The EIA duty has even been raised in international arbitration, such as the 1995 Nuclear Tests case before the ICJ. In 2010, the ICJ declared in the Pulp Mills on the River Uruguay (Argentina v. Uruguay) case that EIA in the transboundary context had become a binding norm of international law. Judgment, 2010 I.C.J. Rep. 14, ¶ 204 (Apr. 20, 2010).

However, these anecdotes do not tell the full story of NEPA’s conquest. In 1992, a survey of EIA legislation around the world by Professor Nick Robinson found only 39 nations with EIA requirements, in addition to a number of treaties and organizations with EIA provisions. Nicholas A. Robinson, International Trends in Environmental Impact Assessment, 19 B.C. Env’t Aff. L. Rev. 591, 595 (1992) [hereinafter Robinson]. Subsequent surveys such as a 1995 report by United Nations Environment Programme (UNEP) and a 1996 study by the IAIA found a growing number of nations adopting an EIA duty. A 1998 study by the International Institute for Environment and Development of then-existing EIA regulations and guidelines provided the most comprehensive survey at that time, counting 108 nations with legislation imposing an EIA duty, a little more than half of all UN member states. Annie Donnelly et al., A Directory of Impact Assessment Guidelines (2d ed. 1998). Some two decades later, a 2018 survey shows that the EIA norm has now been adopted in at least 183 countries and jurisdictions, including the European Union, Palestine, and Taiwan. Yang, supra, at 545.

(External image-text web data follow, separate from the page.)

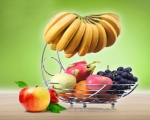سبد میوه با آویز موز
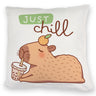 Capybara mit Bubble Tea Kissen mit Spruch Just Chill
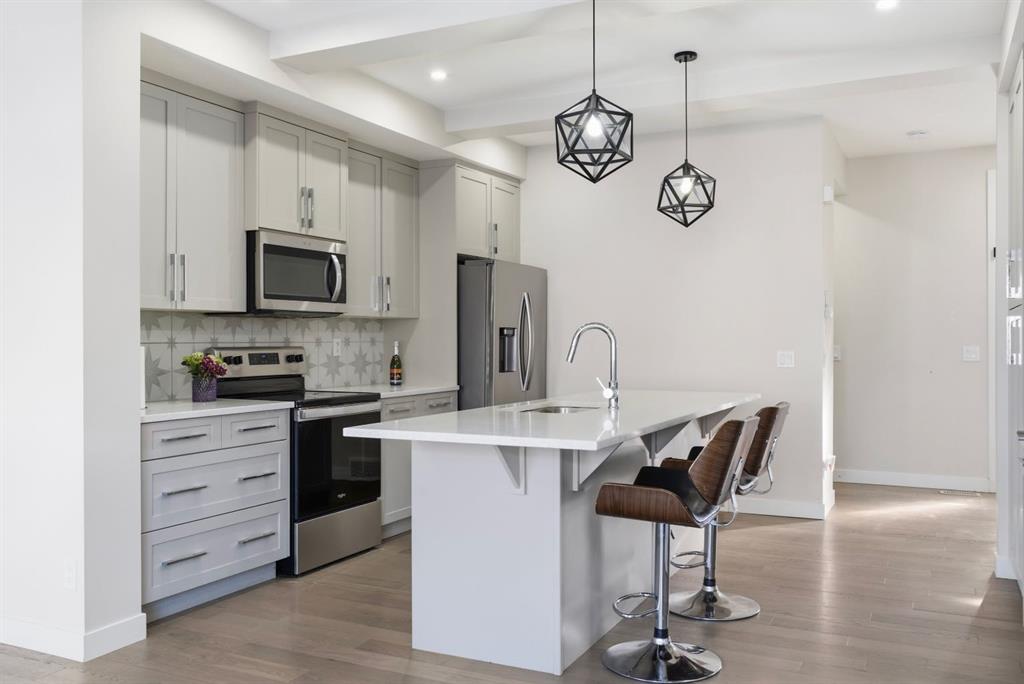 Picture for 304 Creekrun Crescent SW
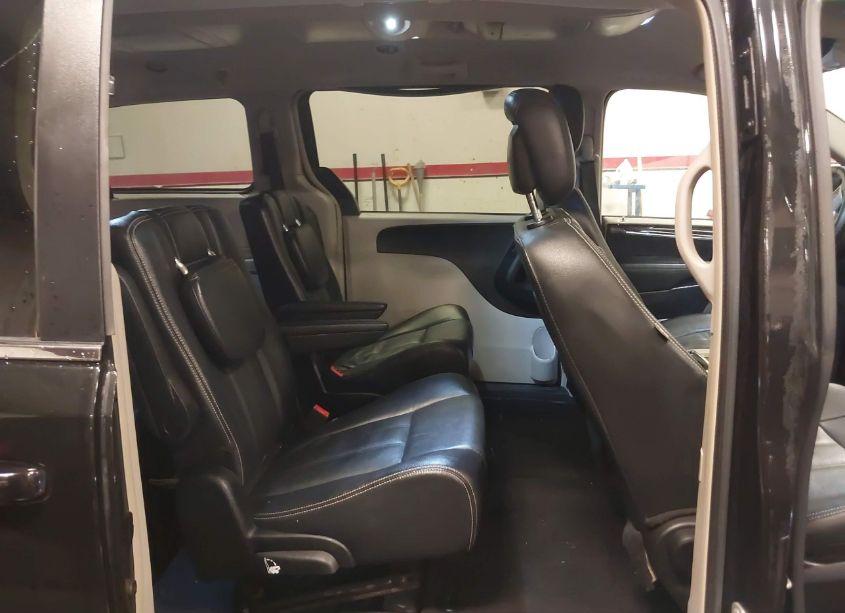 Photo 8 of 2014 Chrysler Town & COUNTRY TOURING (VIN 2C4RC1BG8ER397176)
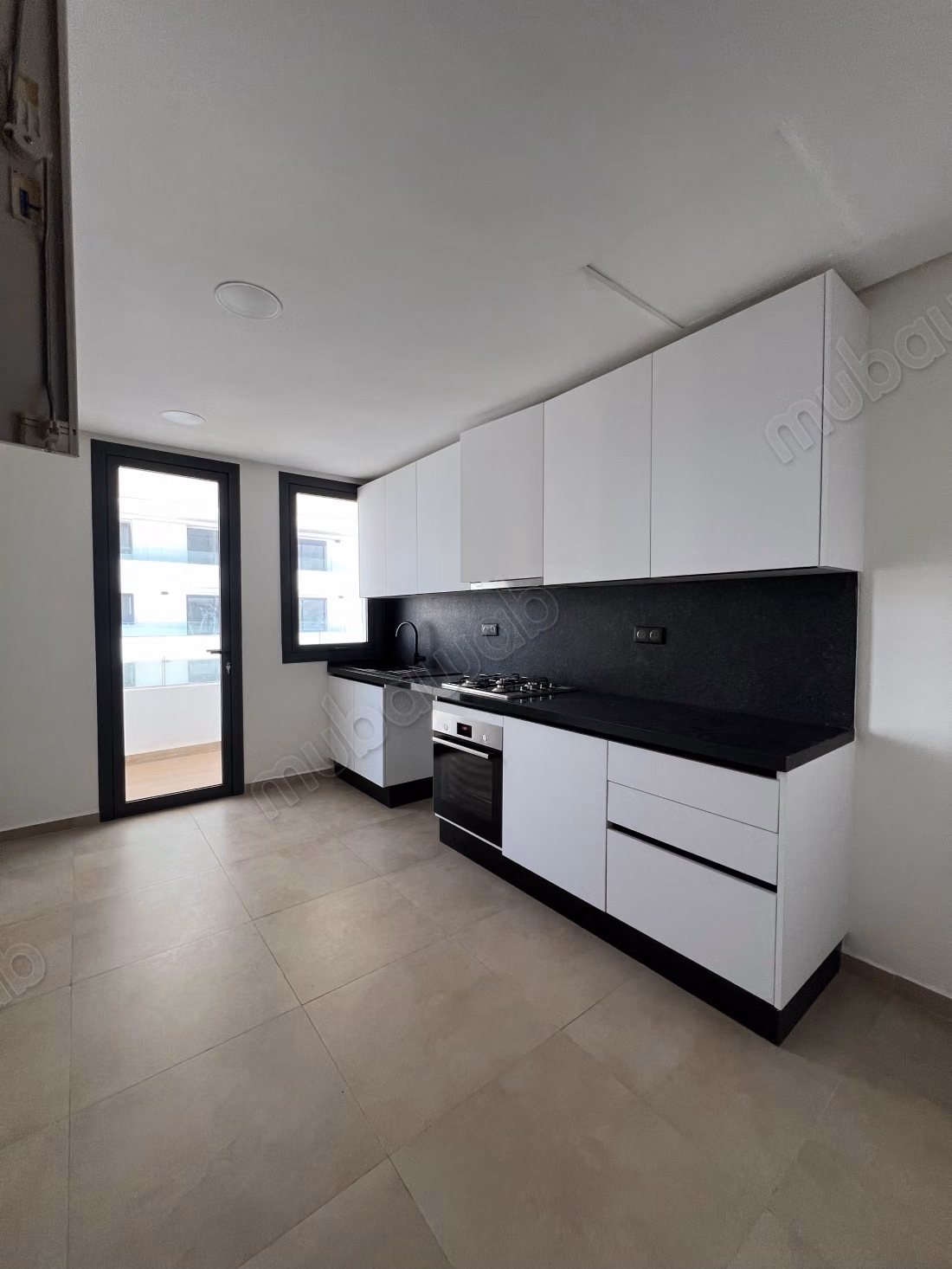 Vend appartement à Casablanca Finance City. 
3 belles chambres. 
Bien meublé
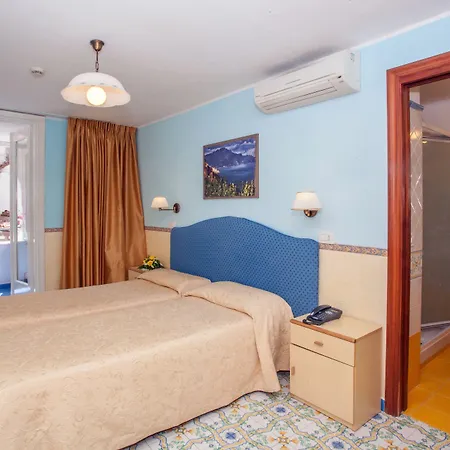 Hotell Hotel Amalfi 3*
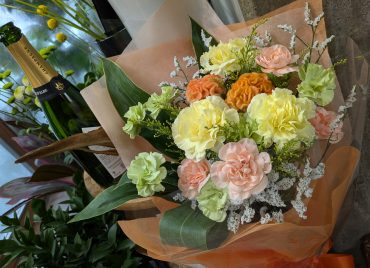 パステルの花束「花かざり」（大阪府大阪市城東区の花屋）のギャラリー写真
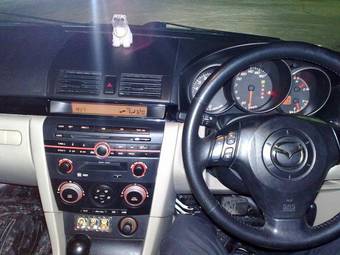 2003 Mazda Axela Pictures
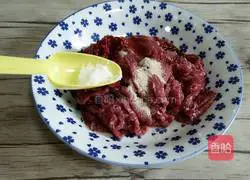 Illustration of how to make fried beef with onions 2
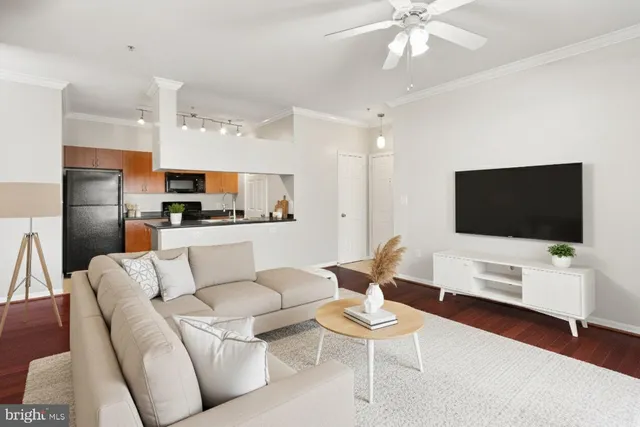 $215,000 | 19625 Galway Bay Circle, Unit 103, Germantown, MD 20874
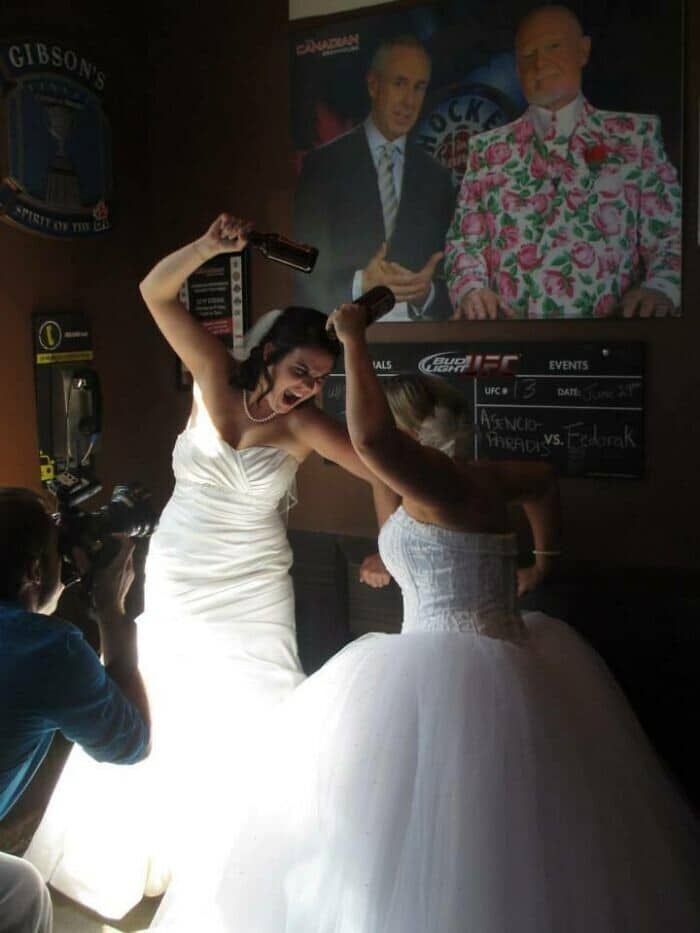 Фотография: 35 смешных моментов со свадеб, которые сделали праздник только лучше №35 - BigPicture.ru
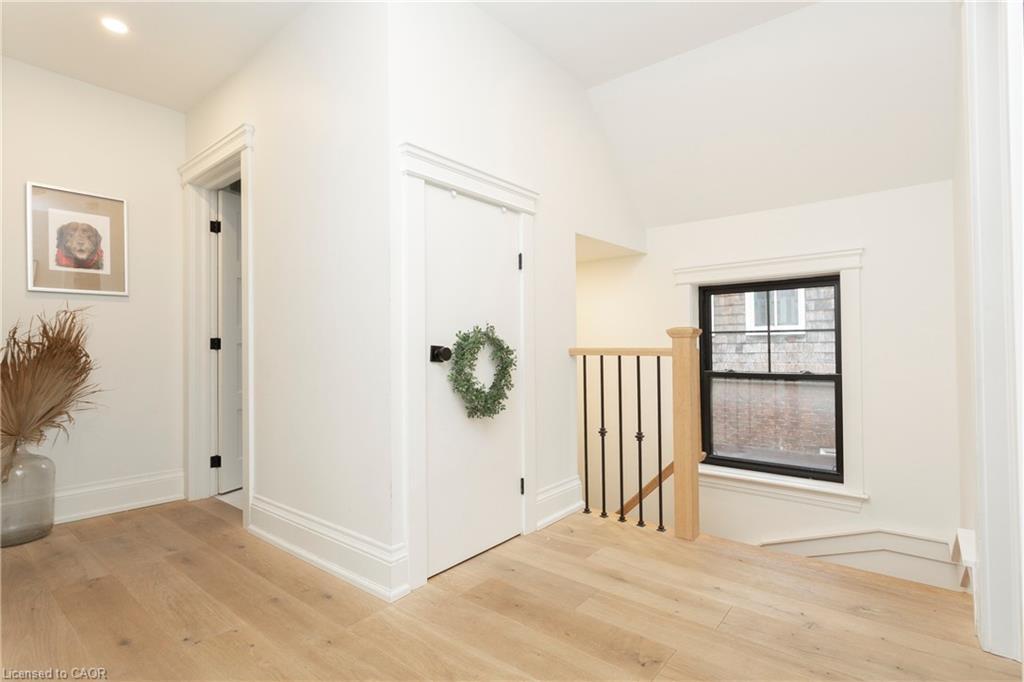 1406 Ontario Street, Burlington, ON - Indoor Photo Showing Other Room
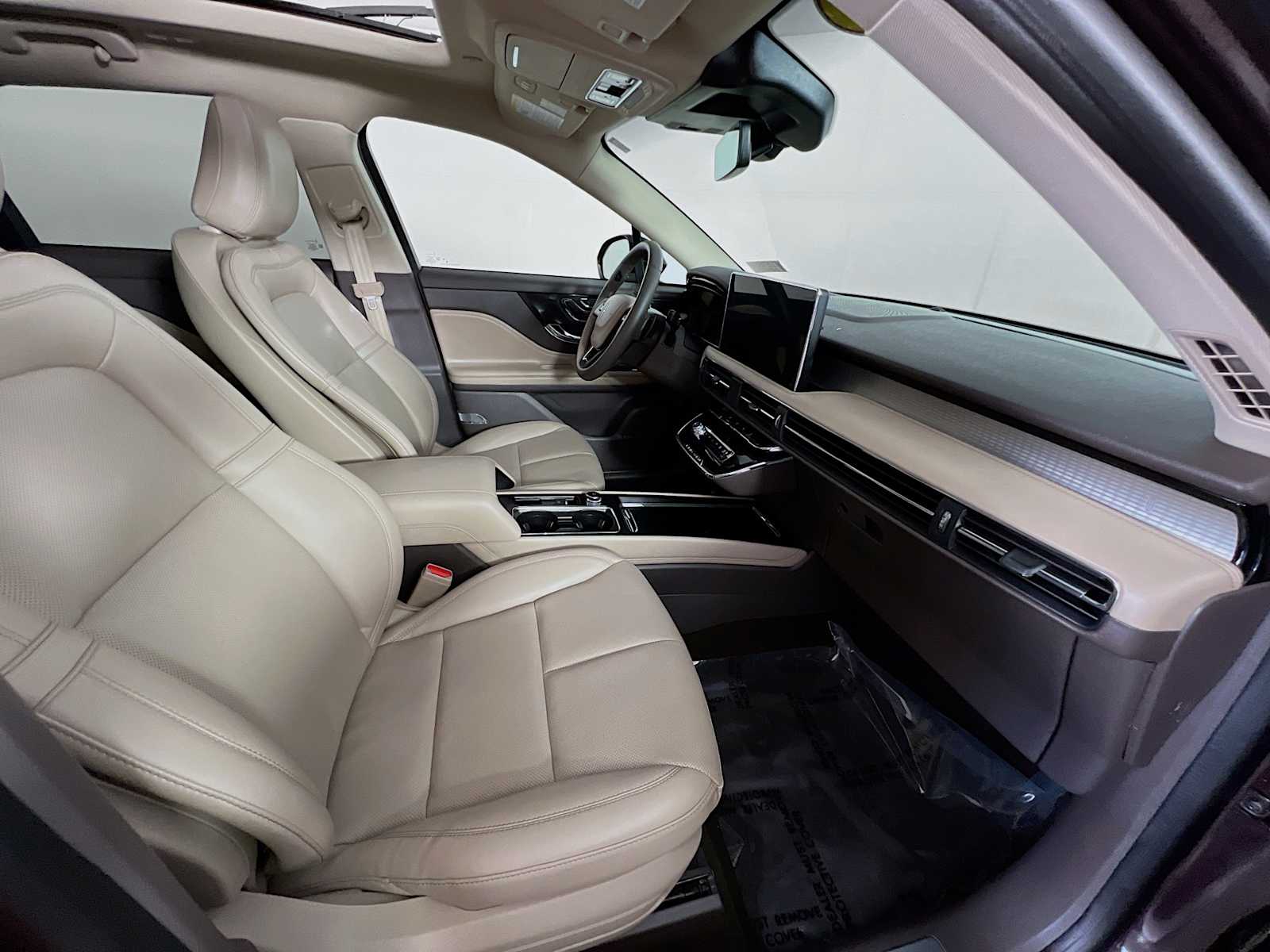 2023 Lincoln Corsair Standard - Photo 28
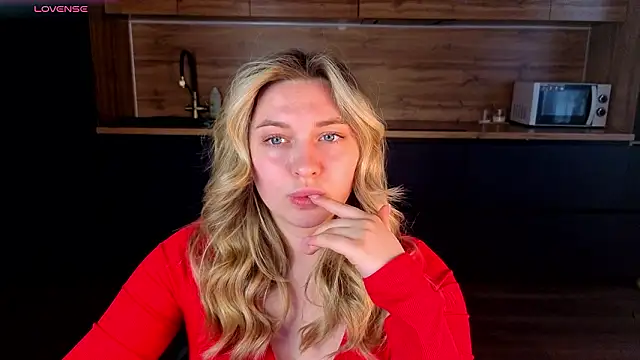 christie luv online show from March 14, 2:18 pm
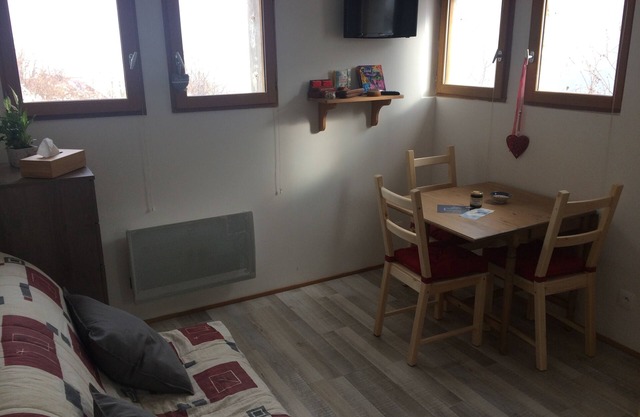 7 minutes from Lans en Vercors, 4-person gîte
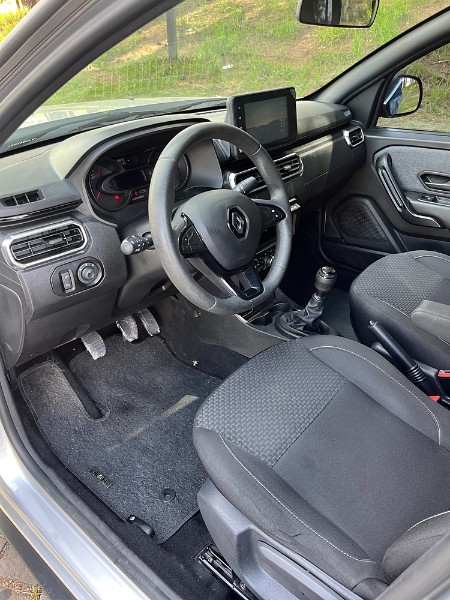 RENAULT OROCH 1.6 16V SCE FLEX INTENSE MANUAL 2023/2023 BOSCO AUTOMÓVEIS GUAPORÉ / Carros no Vale RENAULT OROCH 1.6 16V SCE FLEX INTENSE MANUAL 2023/2023 BOSCO AUTOMÓVEIS GUAPORÉ / Carros no Vale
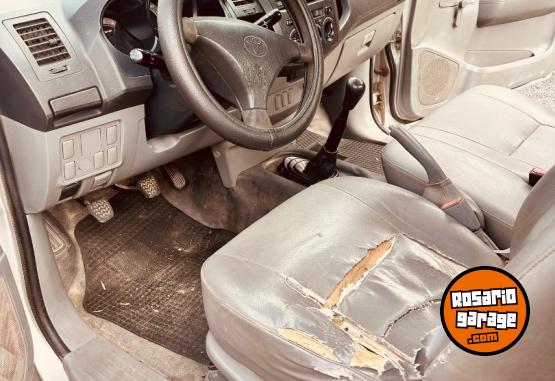 Camionetas - Toyota Hilux cab simple 2010 Diesel 344000Km - En Venta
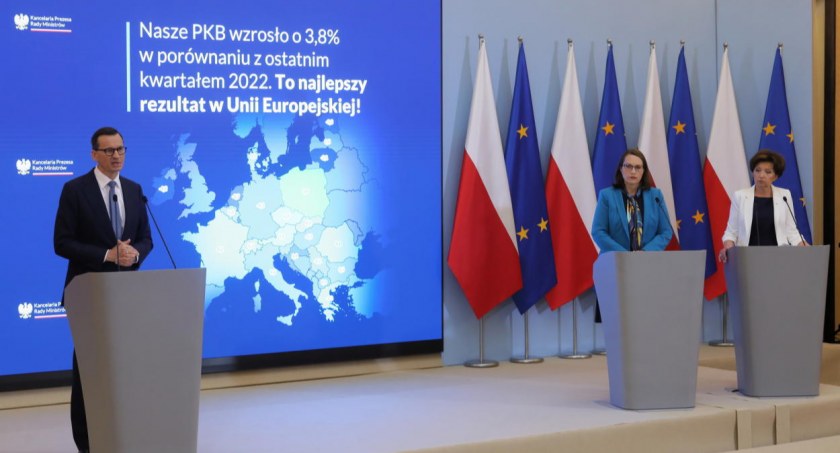 Rząd: od stycznia 2024 r. najniższa pensja wyniesie 4242 zł brutto, a od lipca 2024 r. – 4300 zł brutto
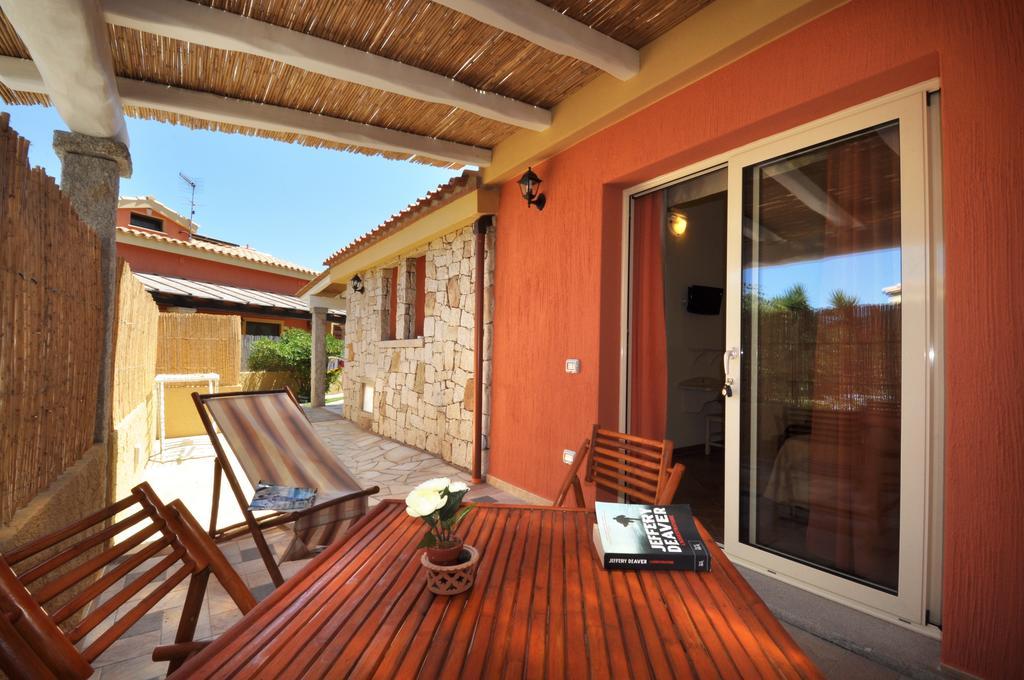 Affittacamere B&B La Villa Dei Graniti Виласимиус Стая снимка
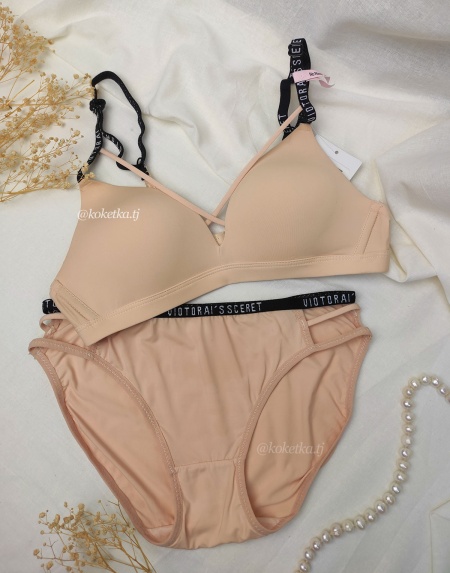Бюстгальтер с трусиками под Victoria’s Secret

The Contours of Environmental Impact Assessment Across the World

The 2018 survey results show that at least 183 countries (out of 197), about 93%, impose an EIA duty by legislation and/or regulation and another eight multilateral development banks and national development aid agencies require it as part of their operational processes, including lending practices. The survey also identified six states that did not possess an EIA requirement (Eritrea, Nauru , Singapore, Somalia, South Sudan, and Suriname), while it was unable to ascertain with sufficient confidence the status of eight other states (Barbados, Central African Republic, Holy See, Monaco, San Marino, St. Kitts and Nevis, St. Lucia, and St. Vincent and Grenadines).

There are important variations among the EIA approaches around the world. Nevertheless, it is possible to identify commonly encountered issues, shared approaches, and diverging trends. For example, questions of what an EIA should consist of, how environmentalists and others can be involved, the public availability of EIA documentation, and the substantive effect of the EIA conclusions (i.e., are they merely advisory or does a negative environmental impact require changes to a project proposal) are common issues. Some of these have given rise to shared insights. For example, the significance of a project’s impacts is context dependent and cannot be based solely on the absolute size of a project “without also taking [its] nature and location into consideration,” especially factors such as fauna, flora, soil, water, climate, cultural heritage, and the risk of substantial or irreversible change. Commission v. Ireland, C-392/96 (Sept. 21, 1999), [1999] ECR I-5901 [EU], paras. 65–67.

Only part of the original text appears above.